I’m not saying that list posts are bad, in fact, they have benefits, but to improve your skills as a writer you need to get deeper inside of who you are and why you want to write. Getting paid as a writer will happen through list posts, but to be memorable and honorable, it might be time to share stories that move people, that motivate people, that entice people to want more. Sure more people will be interested in reading posts that have headlines like “23 Ways to Jumpstart Your Fat Loss” but their real attention won’t be present.

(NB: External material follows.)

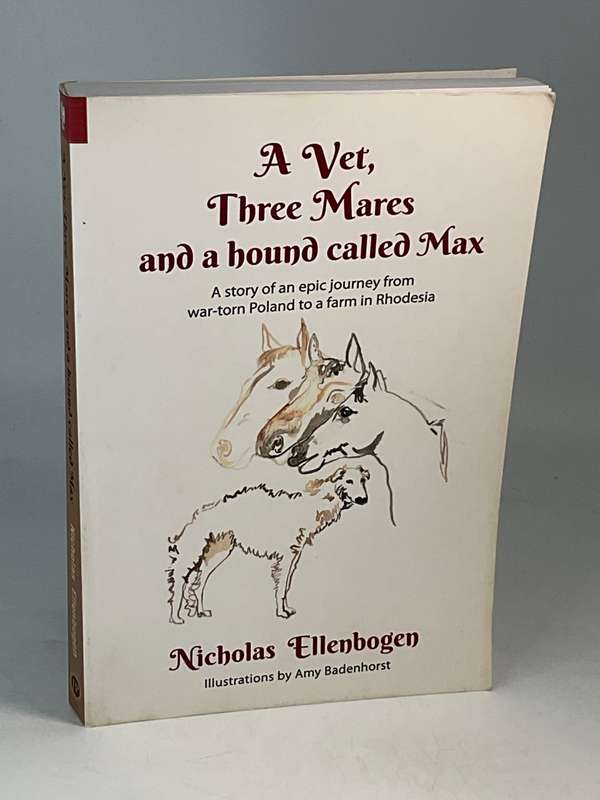 A Vet, Three Mares, and a Hound Called Max - Nicholas Ellenbogen | Signed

Begin your writing session by taking ten minutes to simply let yourself go. Be free from ideas or agendas. Write about your sore legs or the weather outside. Write about your workout, your daily routine at work, the commute home from a long day, or even your life goals. This is practice and the using a timed writing practice will get the mind working creatively. That is what you want. You want your creative expression to come to life. You want your ideas to begin to pour out in the screen or pad and it takes some time to get the process rolling. One day you might practice for the ten minutes and have nothing left. So be it. Move on. One day you might start the ten minutes and within two you have a brilliant idea with something worth sharing. So be it. Grab that idea and let it flow. So many people have told us content is king, and it is, but rushed content or content lacking a true purpose is wasteful. Of the 400 or 500 blog posts I wrote, I’d take back more than half as they’re rushed lists with no purpose other than a click to my website. True art can never be rushed. True art takes work. Practice makes perfect.